NAIROBI, Kenya, Apr 13 – The newly licensed Credit Reference Bureau Africa (CRB Africa) is now proposing an amendment to the law to allow for the collection of all information relating to a borrower’s credit history.
CRB Africa Group Chief Executive Wachira Ndege said on Tuesday that this would enable borrowers with good credit histories to negotiate for better interest rates from their banks.
Currently the law only requires banks to report loan defaulters with the reference bureau.
“What is happening right now is banks will see that you have a default but will have no idea how good your credit repayment history has been and will treat you like a normal risk,” Mr Ndege said and revealed that there was a drive within the industry to have the proposal integrated via a Customer Consent Clause that would allow banks to share the information.
“We expect that by July banks that have done this (implemented the clause) will be able to share the information with the bureau,” he said.

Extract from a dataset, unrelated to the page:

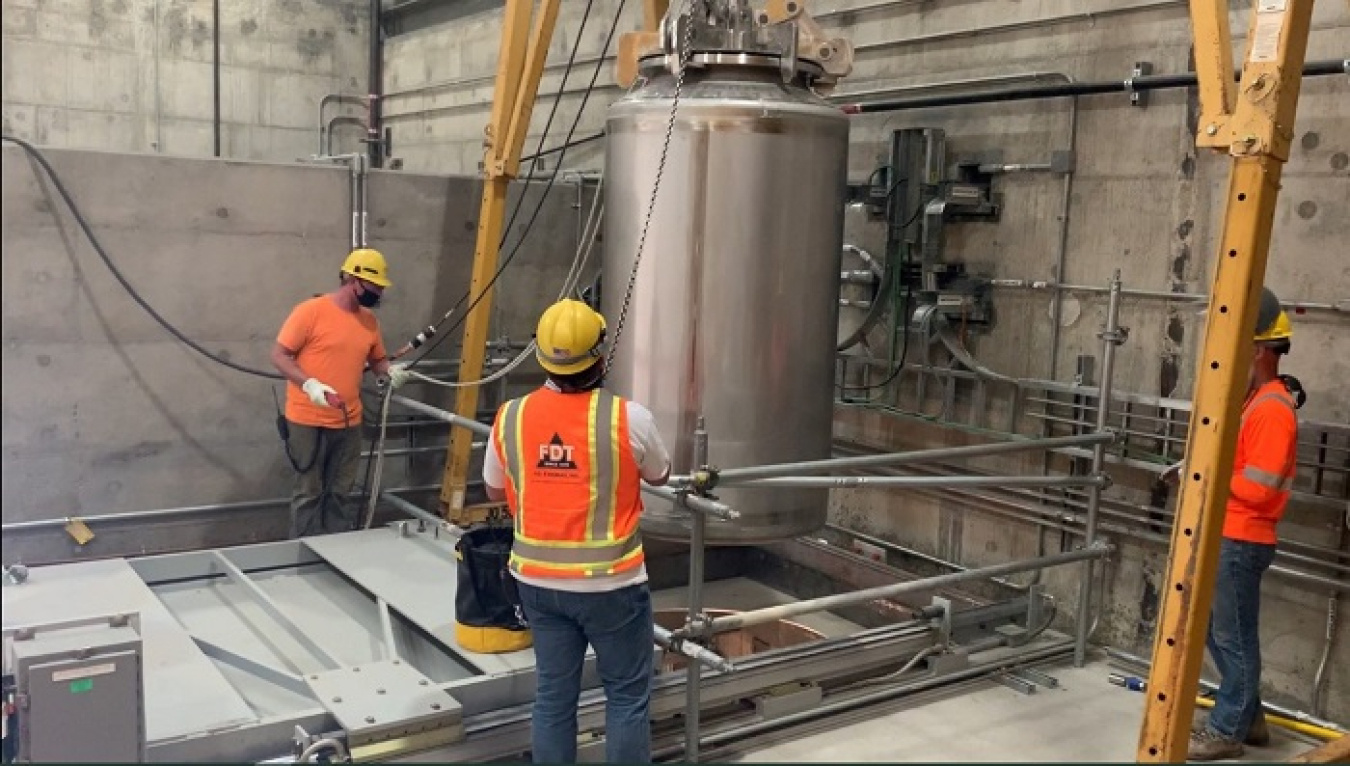 Workers at Hanford’s Waste Treatment and Immobilization Plant manipulate an empty container that will be filled with waste immobilized in glass when the plant begins treating Hanford’s tank waste following commissioning of facilities.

The greatest fear amongst banks has been that their competitors would use the same information to approach their clients.
Two months after being licensed as the first credit reference bureau in Kenya, Mr Ndege said CRB Africa had received close to 100 percent compliance from banks in the compiling of a credit information-sharing platform.
This he believes will play a significant role in making credit more affordable and accessible to Kenyans. At the same time, CRB Africa intends to roll out the information-sharing platform in July.
The process will see banks standardise data reporting formats. Quality and reliable credit information is expected to improve the speed of risk assessment and reduce the related lending costs.
Credit terms, especially for unsecured loans, have remained high because of the default rate and it is expected that the bureau will make it easier for creditworthy individuals to negotiate for personal terms.
Credit reference bureaus are also expected to help banks drop the use of collateralised physical assets whose values have at times been questionable after default.
Data from Central Bank of Kenya shows that non-performing loans as a proportion of total loans fell to 2.67 percent in February from 2.93 percent in January this year, comparing favorably to the 30 percent levels attained in the 1990s.